Louisa Krause stars as Julia Streak, a rookie night watchwoman who’s about to spend her first night on the job. The building she’s set to watch is an old luxury residence loaded with lavish decor and tremendous amenities, but since it was never finished, the structure just exists as a hollow failure. Nonetheless, Julia is paid to patrol the halls to keep vagrants out, while her partner, Cooper (Jason Patric), monitors the security cameras. But the empty building has a way of getting into people’s heads, and as Julia explores the vacant rooms, she begins to hear voices the lead to a sealed metal door. Think she opens it?
OF COURSE SHE DOES. C’mon, do you even watch horror movies, bro?
It’s worth mentioning that Cooper’s movement is restricted by his wheelchair, which adds a little more danger to the whole ordeal. Julia is forced to explore most empty rooms by herself, as Cooper watches from a nifty headset camera that shows her direct POV. No need to get nervous, though – Rockaway stays away from found-footage generics given Julia’s recording device. Instead, the filmmaker builds a cavernous construct that’s inherent with foreboding tension. Each room is a wide-open, dimly lit source of grandeur, and set design goes a long way in sending chills up our spine. Rockaway and cinematographer Zack Galler capture isolation at its most unnerving, building a strong foundation through each visual conquest.
The story itself, written by Rockaway and Ido Fluk, works for the haunted house approach that’s sought out – it’s just the film’s ending that halts momentum to a gloomy standstill. Otherwise, Julie’s inaugural night is a spooky endeavor that hits all the notes that an invasive paranormal thriller should, even if it doesn’t rewrite the history books.

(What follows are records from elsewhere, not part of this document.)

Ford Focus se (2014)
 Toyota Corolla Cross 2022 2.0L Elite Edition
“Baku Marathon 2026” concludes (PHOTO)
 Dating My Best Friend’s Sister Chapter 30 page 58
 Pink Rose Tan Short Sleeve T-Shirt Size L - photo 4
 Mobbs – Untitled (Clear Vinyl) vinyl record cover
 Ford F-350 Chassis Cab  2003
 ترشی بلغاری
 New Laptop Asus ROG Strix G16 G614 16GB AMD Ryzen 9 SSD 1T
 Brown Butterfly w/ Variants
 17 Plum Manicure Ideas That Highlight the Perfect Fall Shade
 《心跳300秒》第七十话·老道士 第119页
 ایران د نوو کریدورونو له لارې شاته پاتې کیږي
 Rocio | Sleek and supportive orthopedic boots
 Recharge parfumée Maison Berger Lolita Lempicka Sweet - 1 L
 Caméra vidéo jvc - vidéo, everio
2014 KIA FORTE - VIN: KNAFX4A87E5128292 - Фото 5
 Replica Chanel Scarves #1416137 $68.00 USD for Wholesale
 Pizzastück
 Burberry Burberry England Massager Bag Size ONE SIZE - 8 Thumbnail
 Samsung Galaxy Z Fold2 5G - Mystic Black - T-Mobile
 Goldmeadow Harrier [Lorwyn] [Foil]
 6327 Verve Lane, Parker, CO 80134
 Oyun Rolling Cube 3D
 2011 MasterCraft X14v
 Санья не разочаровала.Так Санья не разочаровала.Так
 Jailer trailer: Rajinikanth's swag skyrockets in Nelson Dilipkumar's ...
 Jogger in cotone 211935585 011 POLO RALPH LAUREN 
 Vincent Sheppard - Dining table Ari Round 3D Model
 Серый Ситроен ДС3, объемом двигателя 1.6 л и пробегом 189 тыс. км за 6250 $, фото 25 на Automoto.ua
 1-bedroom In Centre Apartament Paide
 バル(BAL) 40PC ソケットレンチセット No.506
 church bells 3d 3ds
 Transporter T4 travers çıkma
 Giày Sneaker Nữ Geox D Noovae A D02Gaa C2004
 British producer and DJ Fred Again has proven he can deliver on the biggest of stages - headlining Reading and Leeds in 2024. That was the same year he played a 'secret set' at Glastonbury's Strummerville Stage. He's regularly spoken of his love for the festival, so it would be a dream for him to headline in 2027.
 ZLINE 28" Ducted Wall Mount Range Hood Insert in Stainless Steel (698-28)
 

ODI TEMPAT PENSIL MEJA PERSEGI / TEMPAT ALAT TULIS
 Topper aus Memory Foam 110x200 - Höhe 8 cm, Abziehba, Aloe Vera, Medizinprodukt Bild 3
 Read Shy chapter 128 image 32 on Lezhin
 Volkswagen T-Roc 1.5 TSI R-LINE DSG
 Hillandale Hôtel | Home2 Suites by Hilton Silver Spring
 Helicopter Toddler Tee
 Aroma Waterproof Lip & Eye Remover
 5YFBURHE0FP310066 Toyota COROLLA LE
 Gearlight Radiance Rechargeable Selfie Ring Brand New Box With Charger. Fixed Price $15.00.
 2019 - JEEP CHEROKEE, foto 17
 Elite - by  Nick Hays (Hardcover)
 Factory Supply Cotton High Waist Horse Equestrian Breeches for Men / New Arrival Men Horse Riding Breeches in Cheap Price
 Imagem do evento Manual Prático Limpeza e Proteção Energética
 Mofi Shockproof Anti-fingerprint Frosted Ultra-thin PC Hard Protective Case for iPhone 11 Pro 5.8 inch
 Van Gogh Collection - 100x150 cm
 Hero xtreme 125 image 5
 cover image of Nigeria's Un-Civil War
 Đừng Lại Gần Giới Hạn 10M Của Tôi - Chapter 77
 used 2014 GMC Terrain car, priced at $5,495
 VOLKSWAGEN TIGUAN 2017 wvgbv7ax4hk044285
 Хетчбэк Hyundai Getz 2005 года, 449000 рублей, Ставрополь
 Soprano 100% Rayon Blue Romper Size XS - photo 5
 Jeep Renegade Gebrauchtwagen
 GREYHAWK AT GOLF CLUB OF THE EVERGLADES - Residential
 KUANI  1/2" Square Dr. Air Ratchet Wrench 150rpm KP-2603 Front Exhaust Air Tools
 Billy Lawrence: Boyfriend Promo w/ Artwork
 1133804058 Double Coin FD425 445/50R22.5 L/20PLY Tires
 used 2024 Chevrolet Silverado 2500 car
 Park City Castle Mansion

Night vision reveals unmentionables that our characters can’t immediately see, lights flicker at random, and internal paranoias blur reality, but it’s all charged by a noticeable fear found in Louisa Krause’s leading performance. Patric is more the annoyed, wise-cracking partner, wanting to just drink his way through the night, but Krause embraces the chaos, and pushes forward anxiously. It’s your typical “WHY IS SHE GOING DOWN THE PITCH-BLACK HALLWAY ALONE” material, but Rockaway crafts each encounter with tension in mind, and delivers said product.
This brings us to the film’s ending, which would leave a much different impression if the final five minutes (or so) were stricken from the record. I get it – The Abandoned doesn’t WANT to simply be another creepy story, and attempts something weightier. Something with more humanity. A movie that possesses a message and wallops you at the end with an unforeseen conclusion. These are the things I wanted to feel, but twisted realizations only turned into questions, uncertainty, and an ending that’s far too jarring for the film’s initial buildup. Suitable scares turn into an emotional barrage that rewrites the entirety of Rockaway’s work, and while ambition is surely an enviable quality, it spells doom for what could have been a passable thriller.
I’ll leave you with this: The Abandoned is a horror movie that should be watched by fans who enjoy a good structural haunt, but just know that the ending will not work for all audiences. It’s worth the test in my eyes, because not everyone will agree with my assessment. Nor should they. Some people may fall in love with the more heartfelt ending, and for them, Rockaway’s mystique should provide a warm embrace. But others, like me, will only be left with the taste of an off-putting finale, and its lingering taste as the credits role.
The Abandoned is a steadfast and creepy haunted flick, until the final five minutes sink the entire production. It'll work for some, but sadly not for most.